Visitei esta bela cidade há muitos anos, lá fiquei por 4 dias, como base para visitar a região.
Mas pude curti-la com minha família. Que cidade maravilhosa. Tenho uma grande quantidade de cartões postais da cidade. Pretendo voltar assim que o imposto de renda deixar sobrar algum dinheirinho em minhas finanças familiares.
Adoro o povo gaúcho, por sua fibra.
Contudo, acho que os políticos gaúchos de hoje estão manchando um pouco a história desse povo maravilhoso, principalmente os políticos de um certo partido.
Não que os outros também não sejam iguais. É que no Rio Grande do Sul isso não ocorria no passado.
Os políticos gaúchos sempre foram, no meu entender, mais éticos que os demais. No passado pelo menos. Considero os gaúchos o povo mais aguerrido, mais valente de nosso país.
Fomos recebidos maravilhosamente bem quanto visitamos o Rio Grande.
Os padrinhos de minha filha são gaúchos, gente que amo, que adoro.

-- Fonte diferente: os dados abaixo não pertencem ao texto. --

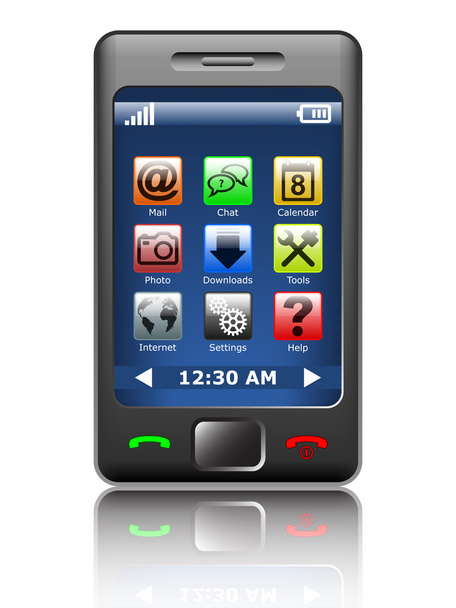 Smartphone mit Apps auf dem Bildschirm - Vektor, Bild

Viva o Rio Grande do Sul. Se não fosse fluminense, com certeza eu seria gaúcho.

Ralph J. Hofmann disse...

Tens razão quanto à moral cadente entre os políticos, mas repare que tivemos 16 anos de PT na prefeitura de P. Alegre irradiando corrupção e jeitinho para outros municípios às custas das rendas do erário dos Porto Alegrenses e um Governo Olívio Dutra.